If you have clients back in your home country who will need to be able to call you while you're away, I highly recommend purchasing a Skype phone number.

This allows you to purchase a phone number (very inexpensively) based out of any state that you want. Then, whenever a client calls you, they will be charged as if they were calling the state/country that your phone number is based out of regardless of where you actually are in the world. This means no crazy high international calling fees!

It's also nice because as you move around from place to place and get new SIM cards (and therefore new phone numbers), you'll always have a consistent number for clients to reach you at.

(Psst.. if you still have to, you know, actually TELL your clients you're leaving, make sure to check out the e-mail template I created, based on when I broke the news to my clients).

DO THIS NOW >>> 
 

4. Transportation
 

  • First and foremost - how are you going to get from the airport to your Airbnb or hotel?

A pre-arranged driver, an app like Uber, a taxi (make sure it is indeed a real and reliable one), a tuk tuk? 

If you're not sure what is best, usually your Airbnb host or hotel will be able to provide some guidance and recommendations.

I highly recommend you figure this out ahead of time instead of when you're jet-lagged and disoriented (not that I've learned from experience or anything 🙈).  

  • How will you get around once you're settled in your new place?
     
    • Can you walk everywhere?
       
    • Is there public transportation? Is it easy to navigate / English-friendly?
       
    • Look into what (if any) apps are used locally for getting rides. For example Uber, Grab, Car:Go, or Taxify.
      • Also note that just because the app says its available in a certain country, doesn't mean it actually is (a lesson I learned quickly in Canggu, Bali). In many (especially developing) areas there is a bit of a taxi war between ride-sharing apps and the local taxi services. Ask around and do your research before relying on it to be your main method of transport!
         
    • Can you (or do you want to) rent a motorbike or car to get around? Is there any kind of license you need to do so? 
       

DO THIS NOW >>> 

5. Maps

If you do ONE THING in this post before setting out on your trip, make it this.

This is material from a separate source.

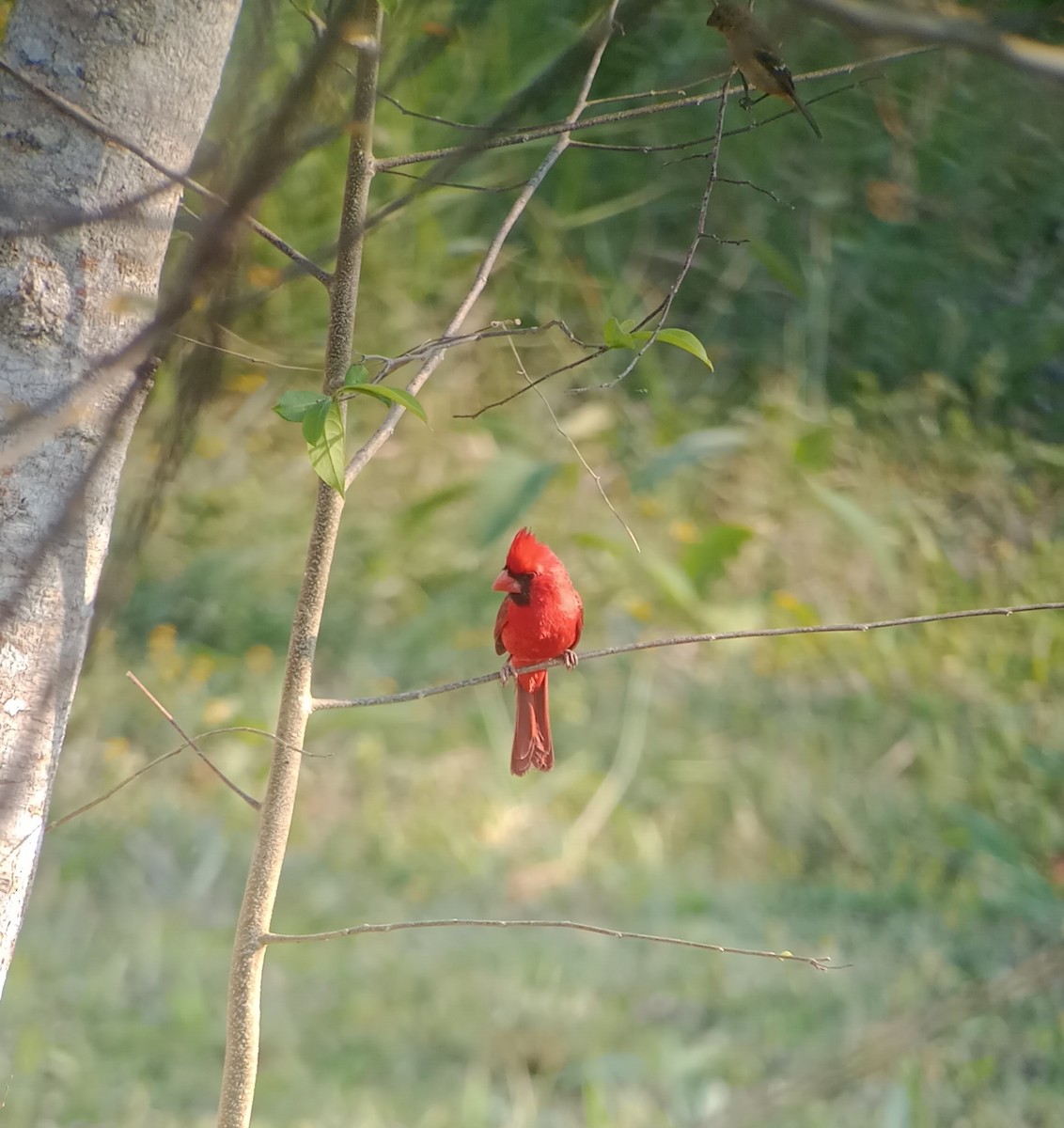 Cardinal rouge - ML556009861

  • Download Google Maps (LINK) if you haven't already
  • Type the name of the city you are traveling to into the search bar and select it.
  • Now tap the bottom section of the screen where it says the city's name.
  • Tap "..." in the upper-right hand corner of the screen.
  • Press "Download offline map"

BOOM! Now even if you're service-less and wifi-less when you land in your new location, your maps and navigation will still work (which is even more comforting than you can imagine when you touch down in a new place).

Another alternative that lets you download offline maps is the app Maps.Me

DO THIS NOW >>>  

6. Language

Now, if you're reading this post, you've likely chosen a country where there is some level of English fluency.

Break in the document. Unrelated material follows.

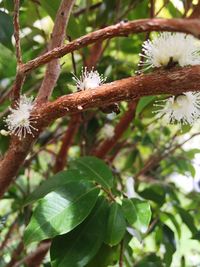 Close-up of tree branch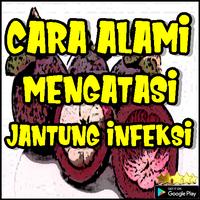 Cara Alami Mengatasi Jantung Infeksi screenshot 2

Even if speaking the local language isn't necessary wherever you're headed, you should still make a point to master at least a few basic words. 

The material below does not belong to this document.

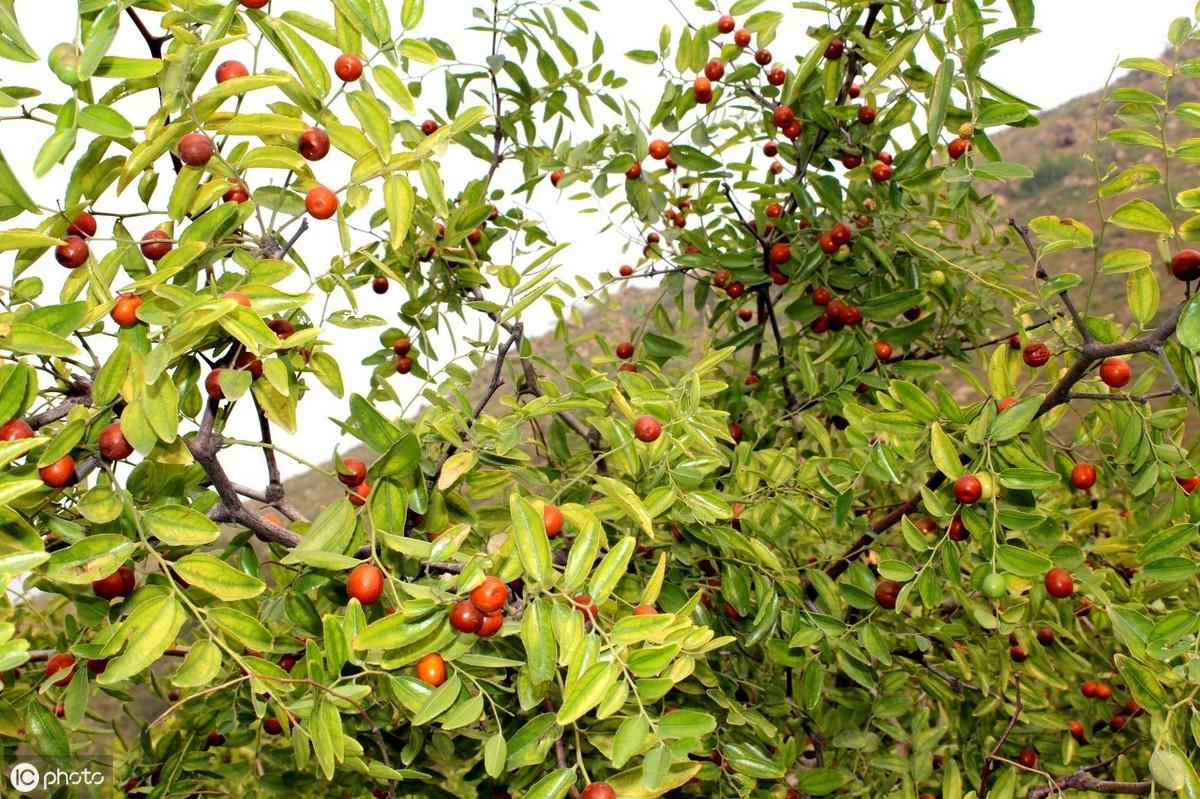 种青枣树怎么打理_青枣树种植条件_青枣树种植技术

Here are a few suggestions:

  • Hi
  • Thank you
  • Do you speak English? 
  • I don't speak ____
  • Please
  • Bye
  • Excuse Me
  • Water
  • Bathroom 
  • Help
  • Where is ____ ?
  • 1, 2, 3... 

In my experience, "hi" and "thank you" are definitely the ones you'll use the most.

However, I encourage you not to limit yourself to what is necessary. Even if your speaking skills aren't perfect, a little bit of effort goes a long way. Locals will usually be more helpful and accommodating when they see that you are at least trying.

If you're interested in actually learning the language I recommend Duolingo, hiring a virtual tutor on Preply, or signing up for local language classes once you get there.

Also, be sure to download Google translate if you haven't yet.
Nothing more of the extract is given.